Thats what I thought!

Nice deer congrats!


----------



## Jer_Londgren (Mar 21, 2008)

Fubar, How did that buck make it to that age? Especially with your deer reduction plan you have in place. You Know....If its brown its down. If its a fawn its gone. If its a doe its a go. If its a spike, hold off, sike. If its a fork, grind it up with some pork. If its a nubbin tonight i'll be grubbin. A doe and a fawn, two more shells gone. I can do this all day. 
Just having fun with you Fubar. :sniper: :sniper:


----------



## bandman (Feb 13, 2006)

Jer_Londgren said:


> It appears as though the rack is flipping me off.
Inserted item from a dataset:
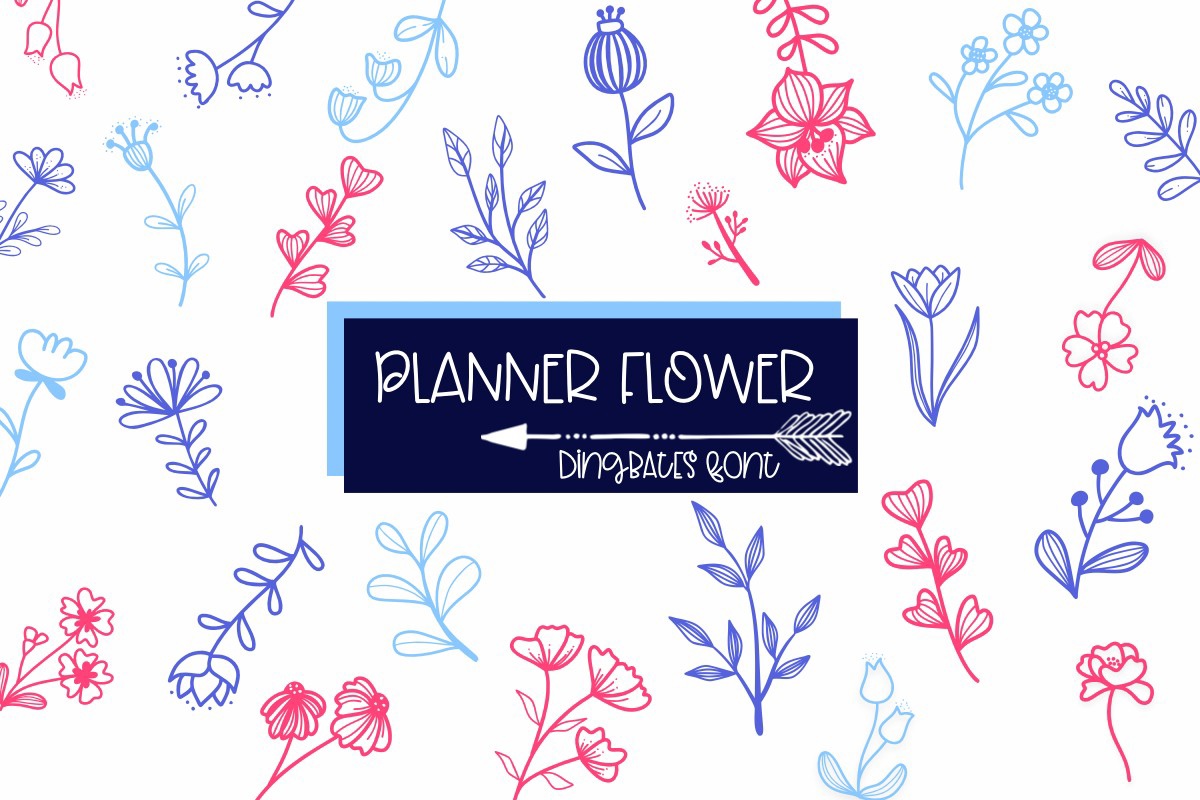 Шрифт Planner Flower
Wow, I didn't even see that the first time I visited.


----------



## fubar (Mar 10, 2008)

lol, i do my part in deer management. you for got the "Fawn Doe..nt tell bruce."


----------



## cuz1455 (Apr 8, 2008)

nice buck. do you ordinarily see scoops in your part of the country?


----------



## fubar (Mar 10, 2008)

nope first one i have seen


----------